Jay Rayner 

A crumpet with Big Daddy

Jay Rayner on chocolate éclairs, deep fried ribs, pro wrestlers in stretchy body stockings - and the Daleks
  
  


It may seem peculiar that I should associate the hot, slippery dribble of melted butter through a toasted crumpet with the slap and grunt of large men in Technicolor body stockings slamming into each other, but that's what happens when you are the son of a professional wrestling fanatic.

My father Des was not exactly your average wrestling aficionado. An actor early in his career, he had - still has, as a matter of fact - a neatly trimmed beard that was more Velázquez than Giant Haystacks and had also been a fencer, revelling in the finesse and slice of the rapier, which was about as far from the heave-ho of wrestling as you could get. But love it he did, the more so after he attended a live event and was thrilled to see an old lady so swept up in the proceedings that she attacked one of the competitors with her umbrella.

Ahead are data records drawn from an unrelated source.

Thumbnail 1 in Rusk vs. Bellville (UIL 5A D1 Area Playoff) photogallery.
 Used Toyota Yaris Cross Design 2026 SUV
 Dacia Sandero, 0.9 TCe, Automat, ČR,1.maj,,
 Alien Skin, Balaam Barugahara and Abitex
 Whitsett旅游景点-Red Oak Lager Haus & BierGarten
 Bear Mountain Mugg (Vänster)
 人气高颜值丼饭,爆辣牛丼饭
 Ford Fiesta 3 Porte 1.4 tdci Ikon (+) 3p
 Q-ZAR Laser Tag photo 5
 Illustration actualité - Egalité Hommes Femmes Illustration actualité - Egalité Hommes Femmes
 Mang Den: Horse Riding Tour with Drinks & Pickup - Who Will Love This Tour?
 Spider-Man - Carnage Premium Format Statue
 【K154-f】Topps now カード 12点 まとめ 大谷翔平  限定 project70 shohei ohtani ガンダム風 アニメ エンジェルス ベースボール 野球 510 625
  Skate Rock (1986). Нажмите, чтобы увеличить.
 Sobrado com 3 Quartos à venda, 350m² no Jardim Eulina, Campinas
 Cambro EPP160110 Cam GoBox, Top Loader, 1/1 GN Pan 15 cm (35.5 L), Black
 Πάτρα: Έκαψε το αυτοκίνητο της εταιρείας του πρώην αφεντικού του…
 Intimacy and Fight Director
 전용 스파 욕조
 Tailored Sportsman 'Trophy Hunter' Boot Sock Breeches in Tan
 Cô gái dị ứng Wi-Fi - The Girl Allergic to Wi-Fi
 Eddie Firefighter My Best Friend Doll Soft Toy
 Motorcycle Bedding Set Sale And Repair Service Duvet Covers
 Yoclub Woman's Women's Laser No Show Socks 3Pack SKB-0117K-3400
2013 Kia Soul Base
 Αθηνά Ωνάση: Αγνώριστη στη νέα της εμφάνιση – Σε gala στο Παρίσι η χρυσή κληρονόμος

Des was a sociable chap who didn't like to indulge alone. And so on Saturday afternoons in the mid-70s we three children would crowd onto the sofa in the living room of our North Wembley home for ITV's World of Sport. To be honest, I didn't take much convincing. It wasn't the bouts. Entertaining though they were to me, they mostly looked peculiar (especially when I learned that Big Daddy's real first name was Shirely).

It was the promise of afternoon tea, prepared by my mother. It was the slices of dark, sticky malt loaf with the smear of cold salted butter. It was the platter of cream cakes, once my father had nabbed the chocolate éclair. And it was the crumpets, with their crisp toasted shells and their miraculous mattress-sprung innards and the treachery of the melted butter which could easily end up on your shirt.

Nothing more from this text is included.